THE TASK: Reproduce the opening lines of the records exactly, up to and including the line in which "Comment faire une" occurs.

GIVEN RECORDS:
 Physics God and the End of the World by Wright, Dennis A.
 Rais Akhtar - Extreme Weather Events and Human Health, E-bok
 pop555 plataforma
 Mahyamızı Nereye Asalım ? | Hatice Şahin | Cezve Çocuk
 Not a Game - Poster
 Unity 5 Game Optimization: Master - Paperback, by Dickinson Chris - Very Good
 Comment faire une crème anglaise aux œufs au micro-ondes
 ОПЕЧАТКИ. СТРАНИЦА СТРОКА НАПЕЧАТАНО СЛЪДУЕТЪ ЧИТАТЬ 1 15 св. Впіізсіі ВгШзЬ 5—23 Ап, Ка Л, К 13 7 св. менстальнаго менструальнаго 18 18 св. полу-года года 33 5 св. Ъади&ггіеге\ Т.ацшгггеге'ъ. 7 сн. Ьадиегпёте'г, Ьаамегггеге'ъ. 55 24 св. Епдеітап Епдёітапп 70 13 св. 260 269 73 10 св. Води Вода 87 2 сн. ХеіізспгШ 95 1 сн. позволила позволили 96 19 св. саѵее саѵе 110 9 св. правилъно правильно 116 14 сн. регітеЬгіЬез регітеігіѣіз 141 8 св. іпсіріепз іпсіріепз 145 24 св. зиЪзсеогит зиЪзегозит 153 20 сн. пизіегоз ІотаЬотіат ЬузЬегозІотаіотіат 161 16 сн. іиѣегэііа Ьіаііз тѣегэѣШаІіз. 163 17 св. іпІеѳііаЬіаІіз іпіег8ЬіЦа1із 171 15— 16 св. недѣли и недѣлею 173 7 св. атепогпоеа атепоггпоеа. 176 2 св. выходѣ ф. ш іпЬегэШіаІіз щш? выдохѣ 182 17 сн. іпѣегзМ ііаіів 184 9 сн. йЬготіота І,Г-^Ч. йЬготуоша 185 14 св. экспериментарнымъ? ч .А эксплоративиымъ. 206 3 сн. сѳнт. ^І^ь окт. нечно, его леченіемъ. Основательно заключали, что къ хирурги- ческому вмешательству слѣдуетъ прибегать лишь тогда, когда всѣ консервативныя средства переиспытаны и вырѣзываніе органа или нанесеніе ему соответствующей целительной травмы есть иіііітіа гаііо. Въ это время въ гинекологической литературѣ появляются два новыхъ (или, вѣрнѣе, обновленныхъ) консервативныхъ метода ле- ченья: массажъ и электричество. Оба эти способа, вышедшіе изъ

RESPONSE FOR THIS EXERCISE:
 Physics God and the End of the World by Wright, Dennis A.
 Rais Akhtar - Extreme Weather Events and Human Health, E-bok
 pop555 plataforma
 Mahyamızı Nereye Asalım ? | Hatice Şahin | Cezve Çocuk
 Not a Game - Poster
 Unity 5 Game Optimization: Master - Paperback, by Dickinson Chris - Very Good
 Comment faire une crème anglaise aux œufs au micro-ondes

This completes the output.